WHAT YOU WILL DO: Each line below from the "樂高 桌布 壁紙 — 三個LEGO風暴兵站在聚光燈下，背景為帶有冷藍色調的深色漸變。" line through the "10 cupcaků: vanilkový, čokoládový" line, those two included, must be restated word for word; the pictures must not be.

AVAILABLE RECORDS:
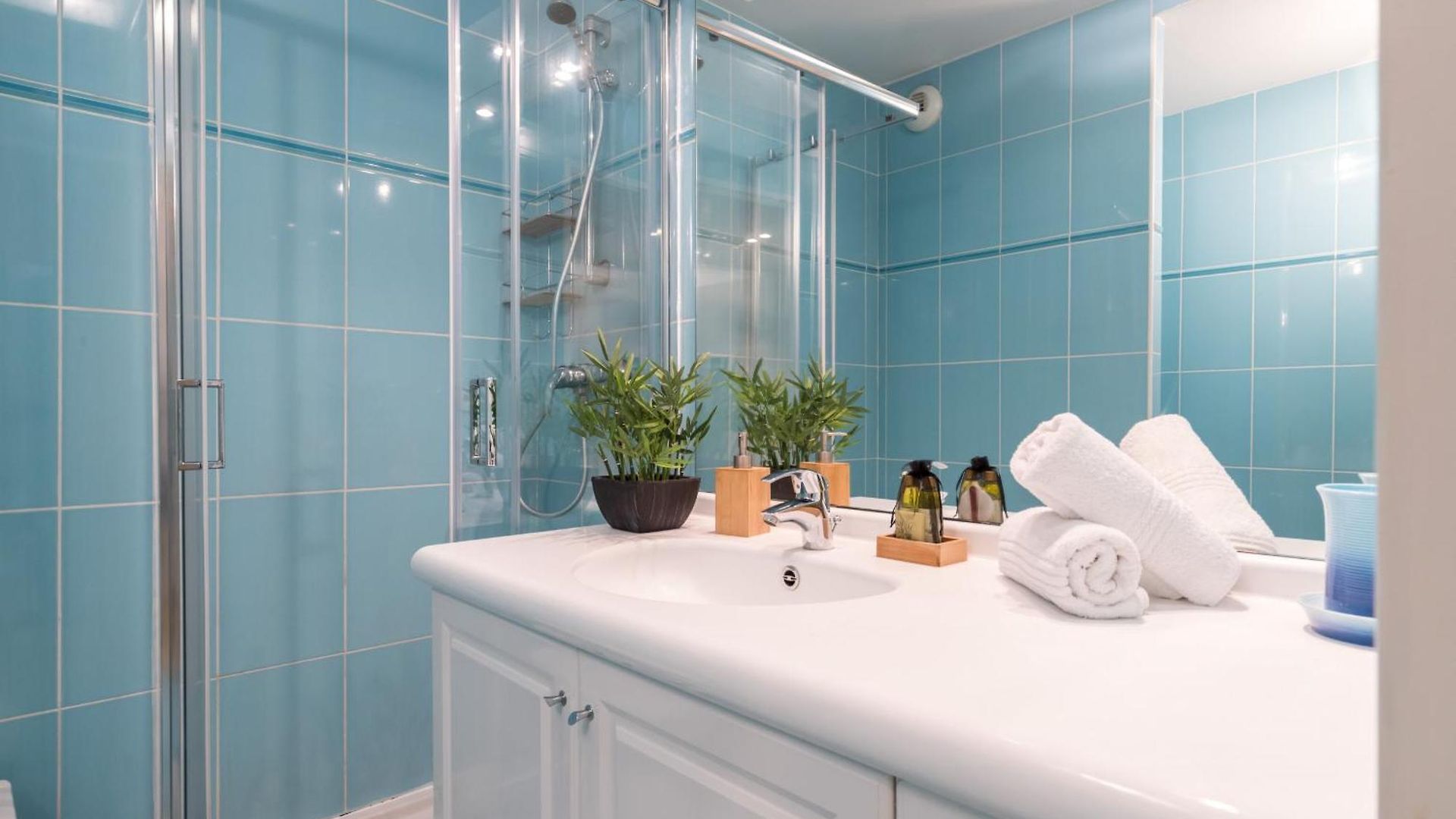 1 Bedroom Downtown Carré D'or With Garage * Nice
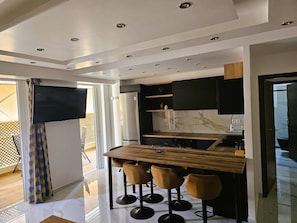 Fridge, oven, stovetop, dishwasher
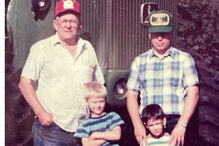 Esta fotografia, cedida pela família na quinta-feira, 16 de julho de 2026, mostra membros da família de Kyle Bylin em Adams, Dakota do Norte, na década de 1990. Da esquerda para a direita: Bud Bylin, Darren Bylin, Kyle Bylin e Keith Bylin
...
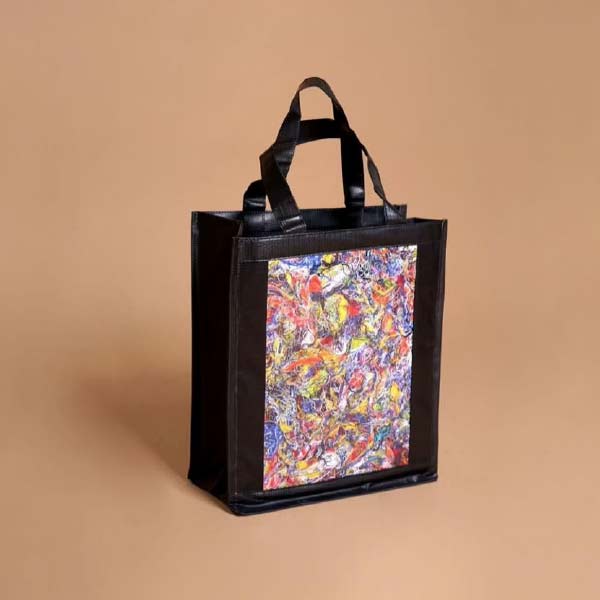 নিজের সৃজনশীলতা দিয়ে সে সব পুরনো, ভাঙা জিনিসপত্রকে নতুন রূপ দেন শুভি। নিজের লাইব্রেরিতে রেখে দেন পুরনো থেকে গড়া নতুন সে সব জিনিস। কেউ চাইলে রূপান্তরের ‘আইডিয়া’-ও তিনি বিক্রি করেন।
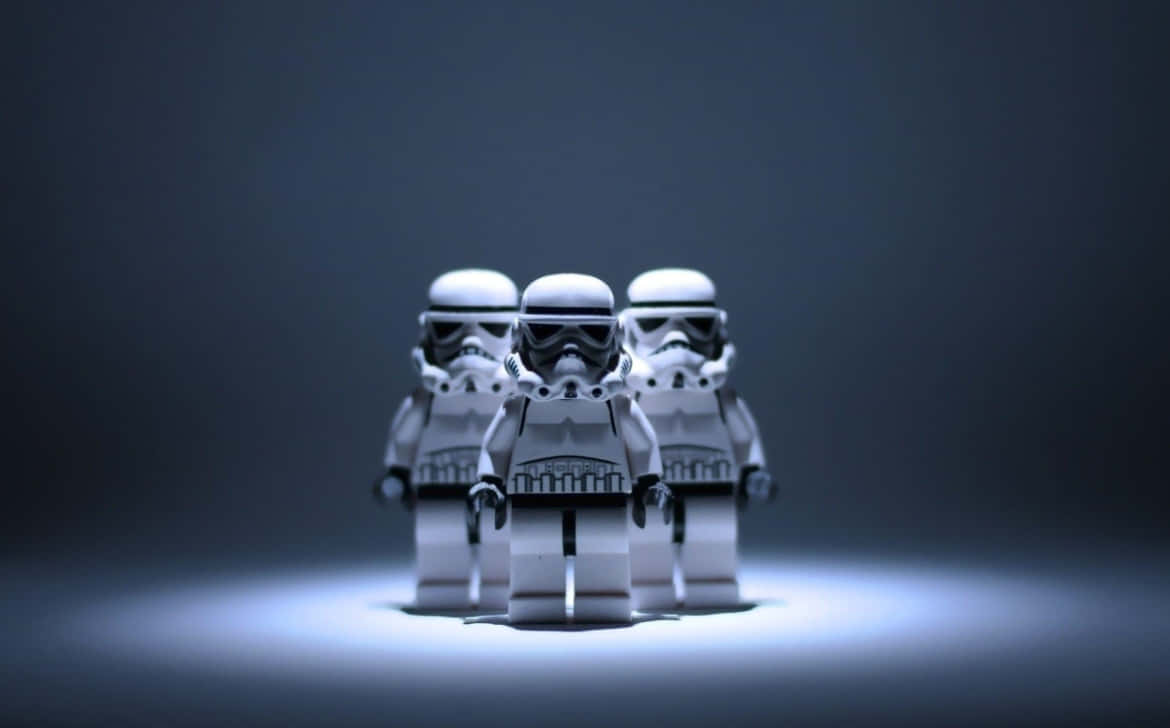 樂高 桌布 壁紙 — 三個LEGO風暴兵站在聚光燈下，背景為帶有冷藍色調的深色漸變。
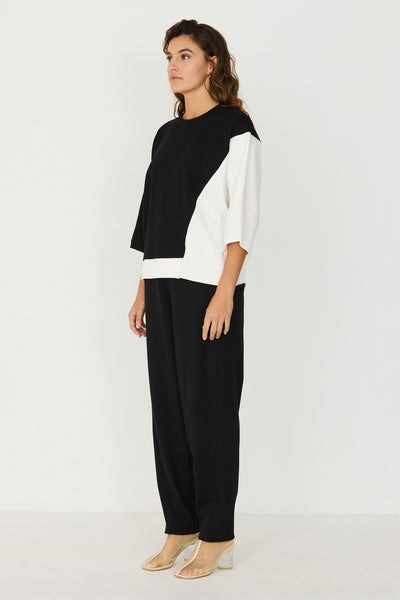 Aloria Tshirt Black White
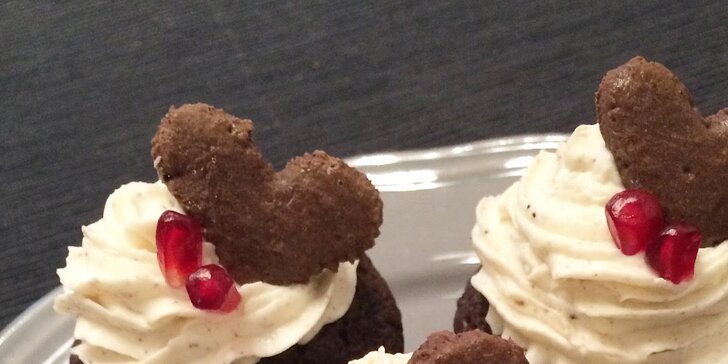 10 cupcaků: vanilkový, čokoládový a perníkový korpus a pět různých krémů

TASK OUTPUT:
 樂高 桌布 壁紙 — 三個LEGO風暴兵站在聚光燈下，背景為帶有冷藍色調的深色漸變。
 Aloria Tshirt Black White
 10 cupcaků: vanilkový, čokoládový a perníkový korpus a pět různých krémů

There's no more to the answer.